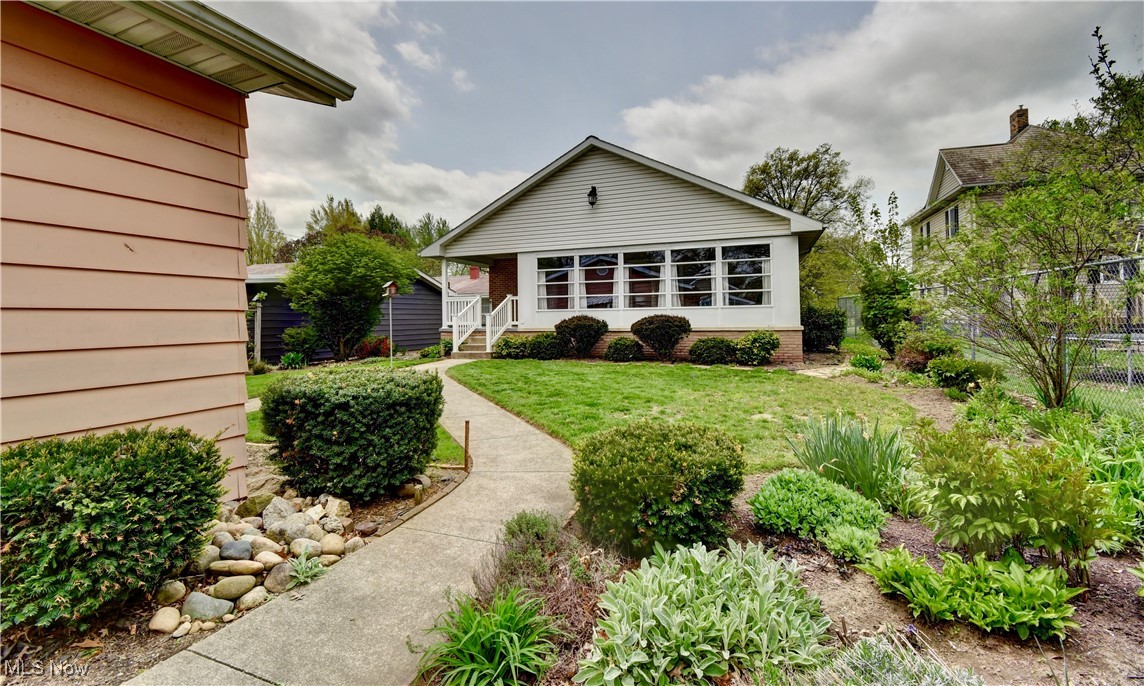 1423 N Wooster Avenue, Dover, Ohio image 13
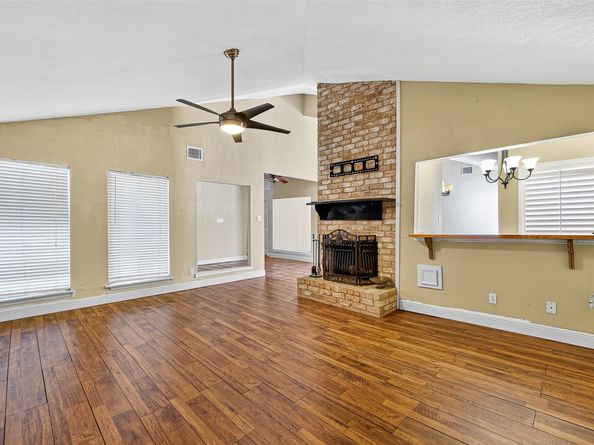 7211 Las Brisas Dr, Houston TX 77083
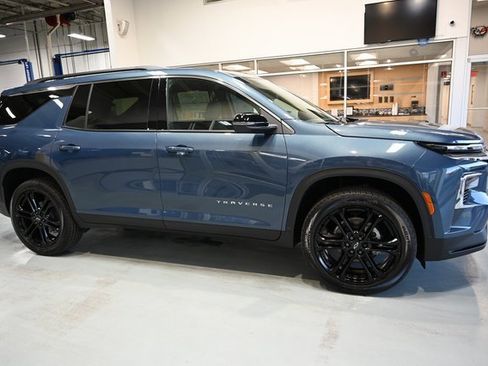 New 2026 Chevrolet Traverse LT w/ LPO, Floor Liner Package image 4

**PROBLEM**
Your answer should consist solely of the lines from the one holding "7211 Las Brisas Dr, Houston TX 77083" through the end of the listing, reproduced exactly and without pictures.

**OUTPUT FOR THIS TASK**
 7211 Las Brisas Dr, Houston TX 77083
 New 2026 Chevrolet Traverse LT w/ LPO, Floor Liner Package image 4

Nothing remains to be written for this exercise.